Yes, the crew has rigged a makeshift keg-o-rator in the engine room. So you can check out the boat, have a beer and relax.
Now that’s the kind of vibe a great charter yacht sets! How long have you been with Gravitas?
I’ve been on this boat for two years, since the owner bought it, but I’ve been with the owners themselves for just over four years, the same as our captain, Roy Hodges.
How did you get into the yachting business?
I’m from Southern California. I grew up in restaurants. I went to college for business, but my parents owned three restaurants, and I ended up running them. For some reason, I just loved food. Up until 9/11, I ran hotels and restaurants. I was VP of operations for a hotel chain, running more than 40 hotels in six states. I was a suit-and-tie kind of guy.
Then 9/11 happened, and I lost my job, just like many other people in the hotel industry when everything went downhill. My brother and I started a healthy-food company, and I had a boutique catering company.
I’d been working with billionaires as a private chef, and I found out about the yachting industry when I was turning about 40 years old. I used to fly in their private jets and go on their boats, and I’d say, “Oh, this is an actual business. This is a job.”
You previously worked aboard the 155-foot Heesen motoryacht Seadweller and the 151-foot Delta motoryacht Katya in the Mediterranean. Now you’re with Gravitas, which charters in the Bahamas, Virgin Islands and Caribbean. How do you like being only on this side of the Atlantic for charter?
The Caribbean is a cakewalk compared to the Med. The guests over there are far more demanding.
Most of the boats in the Med are in the same area, like Porto Cervo or the other high-end places. They don’t eat dinner until 10 or 11 at night. They come back at 4 in the morning with their friends and want a four-course dinner. I’ve actually done that, and they didn’t even eat it. They just wanted it because they could have it.
In the Caribbean, you spend the day on the water toys and having a picnic on the beach and maybe a dinner party on the boat, and then you crash in your cabin. The guests have had a big day and they’re tired and go to bed. The crew gets to sleep, too. And everybody has a great time. I love it.
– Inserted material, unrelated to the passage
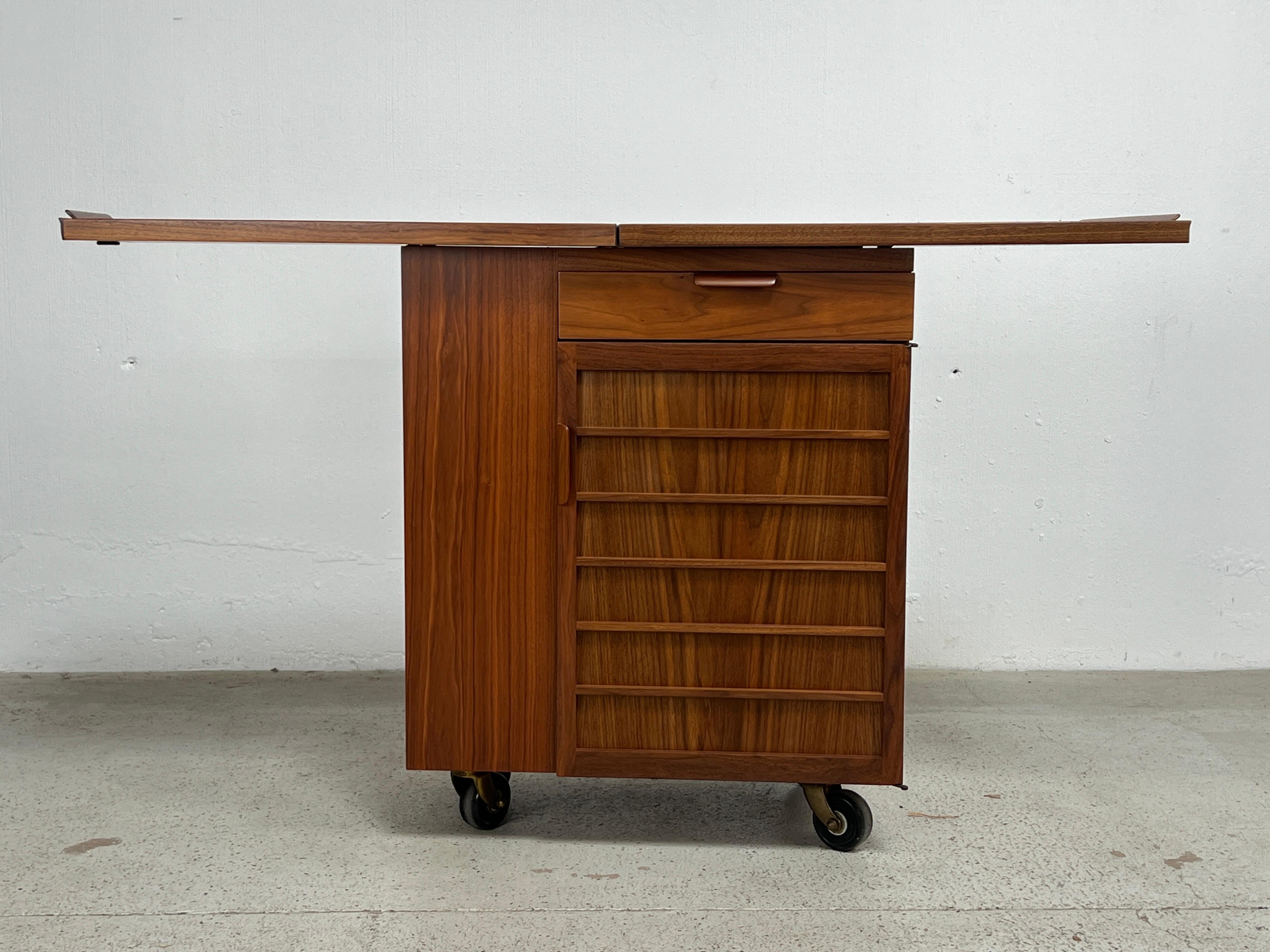 Mid-20th Century Edward Wormley for Dunbar Bar Cart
What are some of your specialties?
If people are open to it, I’ll take them for an international, round-the-world journey, something different every day. We can do Spanish, Italian, Japanese—I was trained by one of North America’s top sushi chefs, in Beverly Hills. It was quite intense. I took my vacation time and flew out there to work with him. I did about 100 hours of training.
I can do tasting menus, too. Most of the time, I’ll do three to four courses with a little bit of everything. One day we’ll do Chinese, another day classical French, another day homey stuff. Some people like family-style. The last charter we did, a lot of it was family-style. They wanted us to put up salads, soups, you name it and they’d go at it.
We can go fishing for fresh fish, or I can provision whatever they want that’s specific. Most of the time, I have pretty much everything in our big walk-in freezers and fridge. I’ve had some outlandish things asked, like squid ink for a squid-ink pasta, and I’ve had to figure out where to find it. I can usually have it within a day or two. Or maybe they like a certain wine that we can get. Usually it’s no problem, whatever they like.